12 août 2008

La fête du Thon

La soirée d’hier au port de Calvi n’a pas été triste, surtout pour Nico qui s’est attelé au découpage du thon à la nuit tombée sur le ponton à la frontale ! Aujourd’hui, nous avons navigué le long de la côte jusqu’au golfe de Galeria, un peu plus au sud. Une petite anse, certes pas très typique mais accueillante, nous a gracieusement offert son mouillage. Cette halte a été l’occasion de nous lancer dans la cuisine du thon sous tous les angles : il fallait bien leur faire honneur, à ces dix kilos de poisson !

Kim avait assuré toute l’après-midi le découpage des darnes et arrivés au mouillage, nous avions eu le temps d’établir un plan d’attaque. La veille, les morceaux les plus beaux, à savoir trois généreuses darnes, avaient été dégustés en avant-première, juste frits à la poêle, pour nous récompenser de nos efforts de navigateurs transcontinentaux. Ce soir, le reste de thon frais sera religieusement associé à la confection de sushis. Je voue depuis plusieurs années maintenant un culte à la consommation de sushis, que, afin d’en maximiser le rapport qualité-prix, j’ai appris à préparer moi-même. J’ai de fait emporté sur Grégal tout le nécessaire à ce petit rituel que Tom et moi prendrons plaisir à réitérer dès qu’un ravitaillement en poisson frais sera possible : riz japonais, vinaigre de riz, natte à makis, sauce soja, wasabi et gingembre mariné (gari).

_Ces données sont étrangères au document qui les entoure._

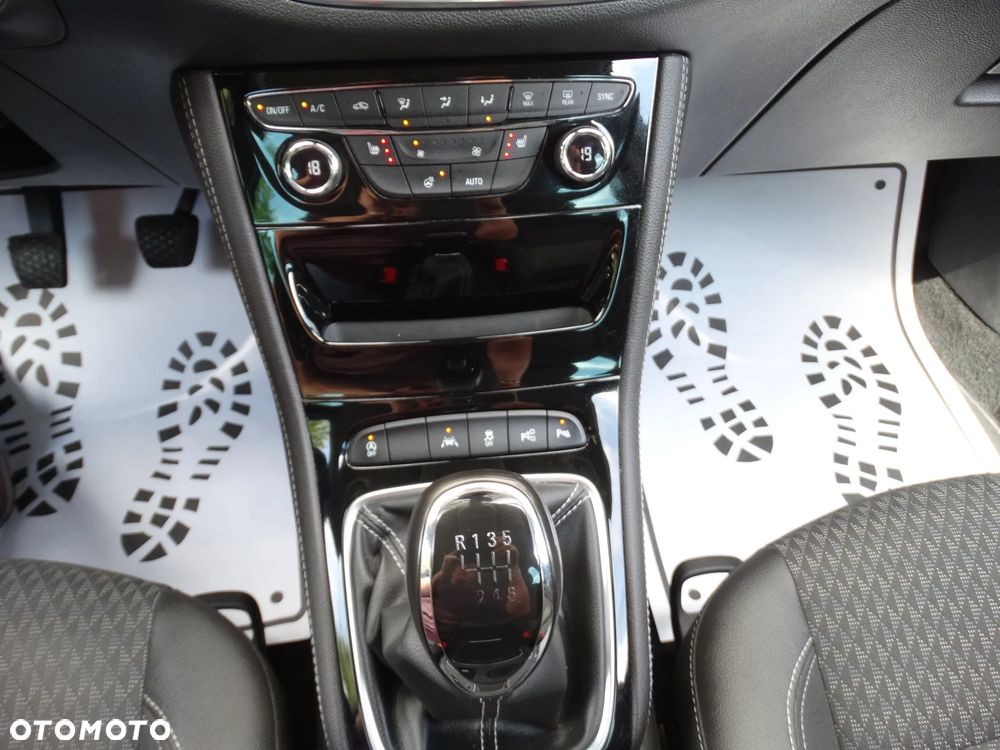Opel Astra 1.6 BiTurbo D (CDTI) Start/Stop Innovation - 19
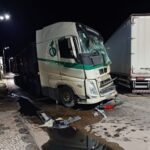 Bombeiros atualizam: colisão entre caminhões deixa dois feridos, um em estado grave, em Brusque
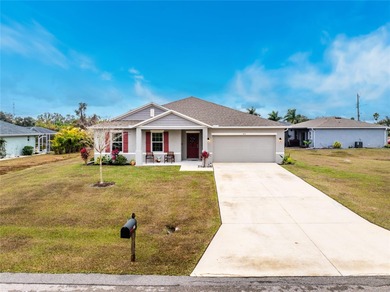 Impressive and spacious 4 Bedroom, 2 Bathroom home with attached - photo 1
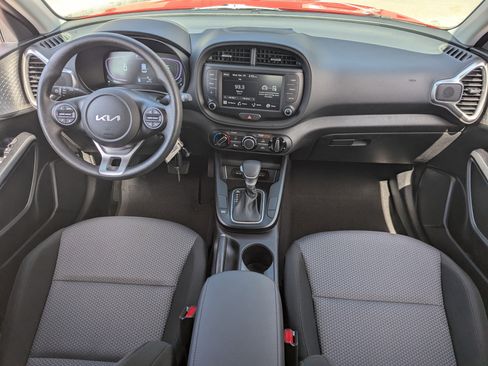 Certified 2024 Kia Soul LX w/ Option Group 015 FWD image 12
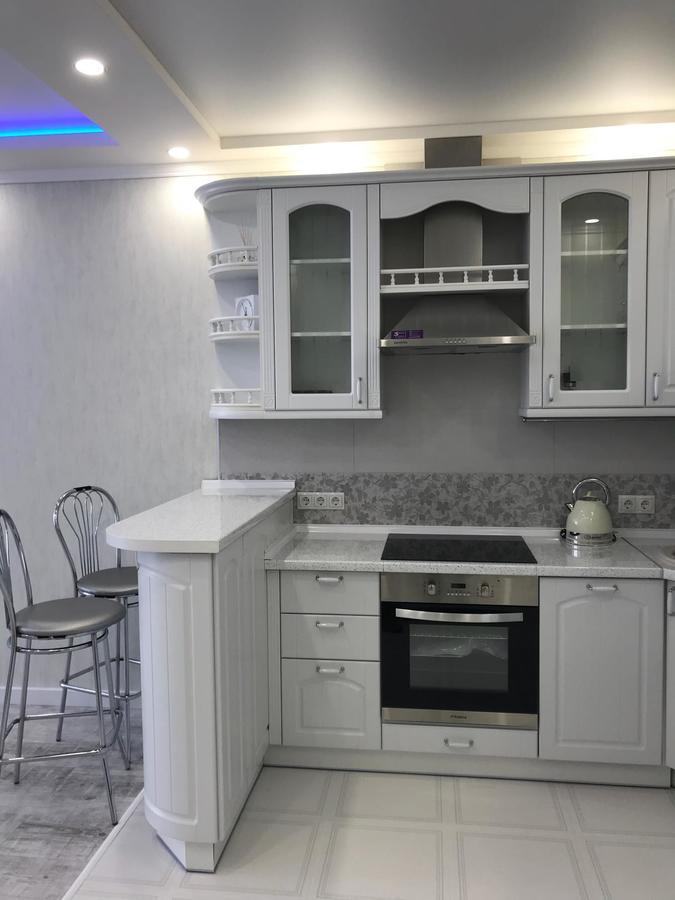 Luxe Apartment On Drahomanova Kiev Eksteriør bilde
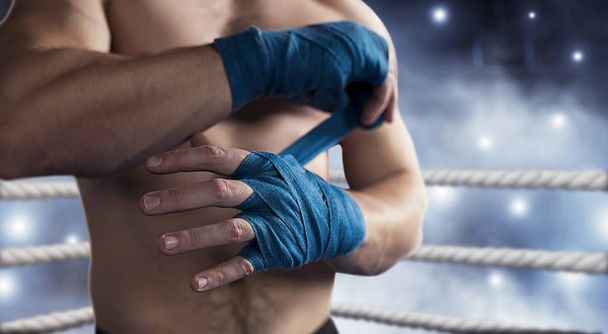Boxeador tirando de vendaje azul
 - Foto, imagen
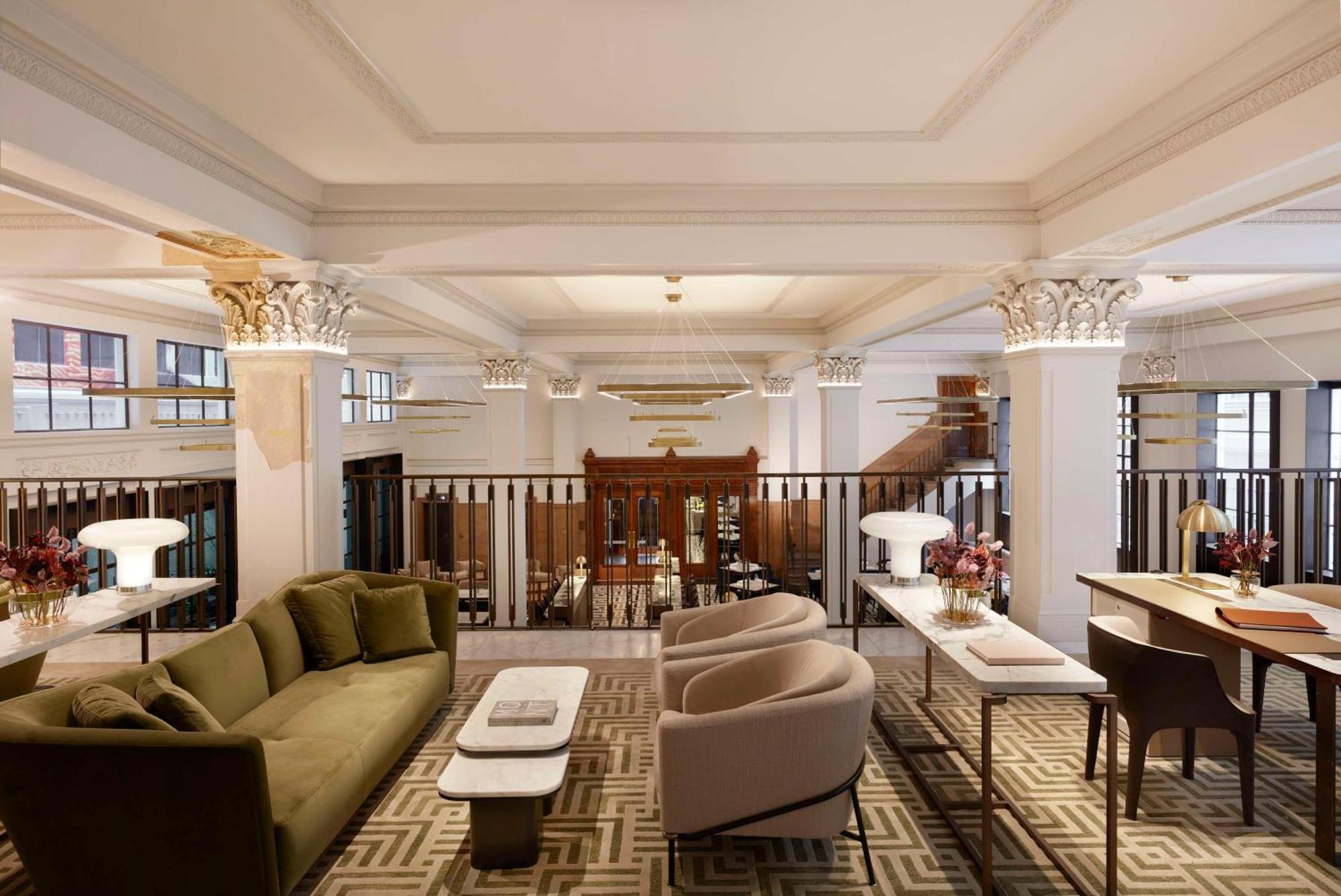 Hilton Melbourne Little Queen Street Exterior photo The Library at The Ivy Collection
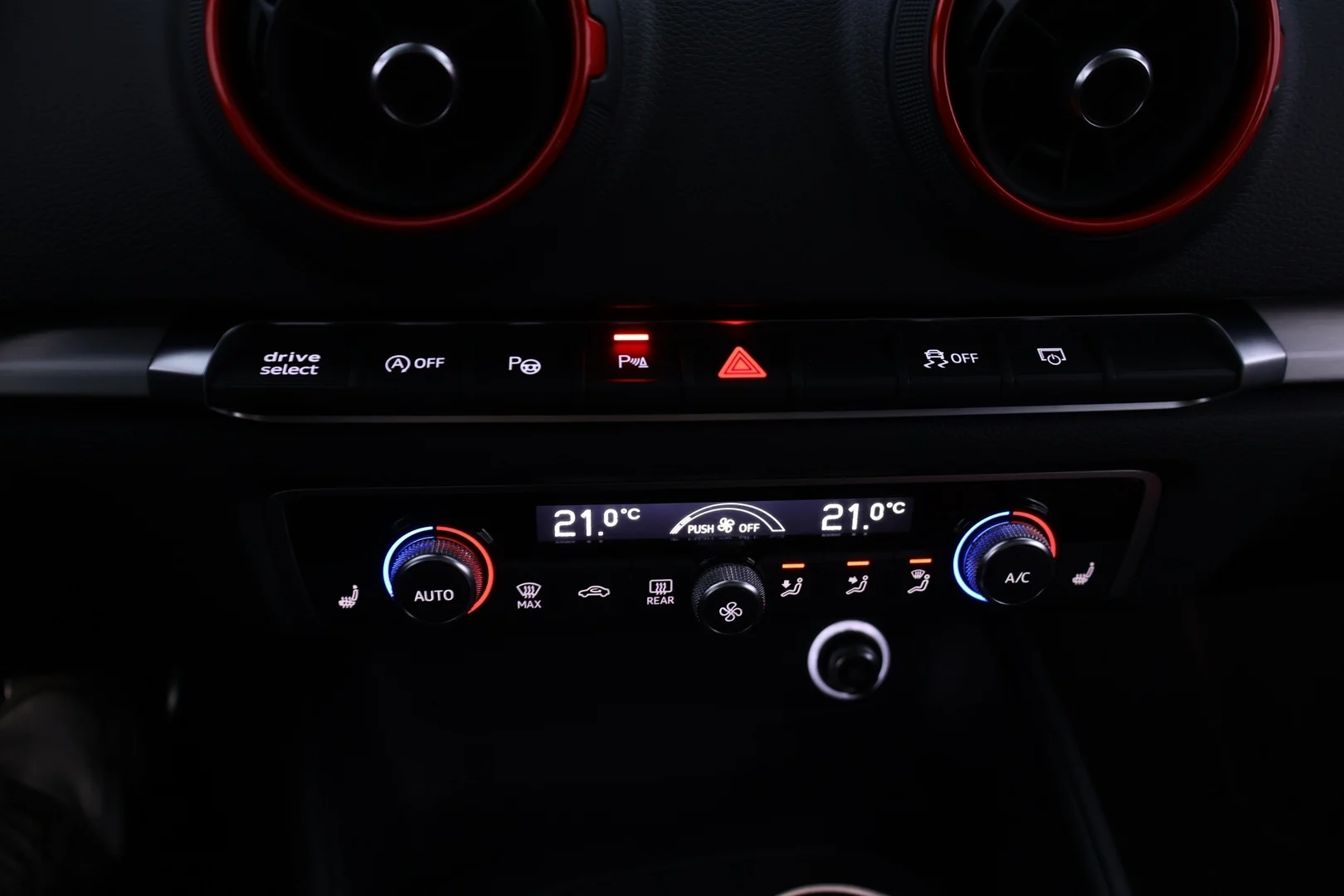 Car Image - 1IKDg5bWKDpXg0QNipkyEZ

Pour le reste de l’équipage qui n’est pas aussi fan de poisson cru, nous avons sélectionné une recette dans un petit livre bien utile qui nous a gracieusement été prêté par Kim et qui figure à bonne place dans la bibliothèque de bord : « La table du marin » de Jean-Michel Girard (éd. Les Presses du Languedoc), à savoir, la recette de la « Charmoûla ». Cette recette était jadis utilisée par les pèlerins qui voyageaient jusqu’à la Mecque pour conserver le poisson, ou toute autre denrée d’ailleurs j’imagine. D’après l’auteur, « l’intérêt de ce plat, sans parler de sa qualité gustative, est qu’il se conserve longtemps au froid (facilement dix jours) et deux jours au moins à température ambiante ». Nous avons testé et effectivement, le plat préparé a été gardé trois jours dans notre glacière sans glace ! (Et oui, pour ceux qui ne le sauraient pas encore, Grégal ne possède pas de frigo ! Choix énergétique et pratique, dirons-nous, car un frigo est un gros wattophage). Voici le principe : faire mariner une heure les morceaux de poisson dans une marinade d’huile d’olive, additionnée de cumin et d’harissa (nous, nous n’avions pas d’harissa, mais un bon piment en poudre a très bien fait l’affaire), puis faire frire le poisson dans une poêle, le réserver, faire rissoler dans la même poêle une grande quantité d’oignons en lamelles, quand ils sont blonds rajouter des épices (4 épices pour nous, puis poivre et cannelle) et saler bien, ajouter un demi verre de vinaigre (pour nous, du balsamique), trois cuillères à soupe de miel et 100 grammes de raisins secs, faire réduire la sauce à feux doux et enfin ajouter le poisson (nous, on l’a ajouté avec sa marinade). C’est délicieux chaud comme froid.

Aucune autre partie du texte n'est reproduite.